Reviewed by DAVID VINEYARD:          

KATHRYN HEISENFELT – Ann Sheridan and the Secret of the Sphinx. Whitman, hardcover, 1943. Illustrated by Henry E. Vallely.

   If it were dark and the lights were on, the neon display would be much more effective. But even now, swaying from the suspended black bar, it did have the look of an old sampler. Since she turned the last corner, Ann Sheridan had kept her eyes on it, eagerly, expectantly. She thought to herself, “Tess has come up another notch in the world. And I’m glad — glad!”

   Again, braving the ferocity of the wind, she was forced to bend her head, to put her free hand to the small blue hat atop the gold-spun hair that fell almost to her shoulders.

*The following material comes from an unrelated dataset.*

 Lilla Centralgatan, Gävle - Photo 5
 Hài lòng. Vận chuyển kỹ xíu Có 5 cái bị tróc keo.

In her left hand, her spacious bag was cradled against her side. The gold tweed suit, with its short fitted jacket and wide striped scarf, was intended for lamb-like weather. But March in Coreyville, Ann decided emphatically, was on the lion side.

   In this age of the celebrity, we think we have seen everything, but truth is there is nothing new under the celebrity sun when it comes to exploiting fame. Whitman, the people behind the Big Little Book, came up with a series of books for older readers in the 1940‘s, and beyond the usual cowboy stars, and comic strip heroes they carried it one step farther with adventures of Hollywood stars like Shirley Temple, Ginger Rogers, Deanna Durbin, John Payne, and others.

   This one features the Ooompf Girl from Denton, Texas, red-haired Ann Sheridan, who visits her friend Tess Whitehouse at her new beauty salon and soon finds herself up to her pretty neck in a mystery involving a mysterious Egyptian Sphinx cult:

   She saw now that the man’s face was a deep reddish tan. Black hair grew back from a high forehead. He was facing the light from a wall lamp, and his cheek bones seemed to jut out in a sunken face. His eyes were snapping black and mercilessly intent. Ann pulled her gaze from those eyes and in a brief moment studied the unusual clothing, the long-sleeved, black embroidered coat that hung loosely, the baggy dark trousers, gathered tight at the ankles. Around the man’s waist was a wide, red sash. Tucked in the sash was a curved knife, sharp and shining.

   Without knowing it, Ann’s hand that held the key came up to her mouth. She felt her heart mounting in her throat, almost exploding with her terror. She heard a strange, strangled cry and knew it was her own voice.

   With a leap like a panther’s, the man was at her side. Fingers of steel closed over her mouth. Wings seemed to beat over her head, faster, faster, the whirl of sound growing so that all thought, all fear was drowned out.

   Of course Ann solves the mystery with help of an attractive young man named Crunch, without the slightest hint of romance, but well within the B movie mystery formula the book falls into.

   The best part of the book are the attractive illustrations by Henry Vallely, the king of the Big Little Book illustrators whose work graced the adventures of the Lone Ranger, Tom Mix, the Green Hornet, and the Big Little Books own superhero, Maximo. His illustrations are outstanding examples of the art, more than can be said of the story.

   Other adventures in this series include Betty Grable and The House With The Iron Shutters, John Payne and the Menace at Hawk’s Nest, Jane Withers and the Phantom Violin, Judy Garland and the Hoodoo Costume, Ann Rutherford and the Key to Nightmare Hall, Ginger Rogers and the Riddle of the Scarlet Cloak, and Deanna Durbin and the Feather of Flame.

   It may strike you almost all of these titles fall into the mystery genre in one way or another. If most are like this they are simple low level reads for slightly older children — eight and up — along the line of Nancy Drew or the Hardy Boys or the Rover Boys and Frank Merriwell before them.

   There is a little mystery, a few minor scares, and a bit of action. I grant this one is more collectable than readable, but its worth the effort if only for the handsome Vallely illustrations.

   Looking at Harry Potter, Anthony Horowitz’s Alex Rider, and the Hunger Games we can at least note how young adult literature has improved. We can consider ourselves lucky we don’t have to deal with Justin Beiber and the Jailer’s Daughter or Myley Cyrus and the Obscene Gesture.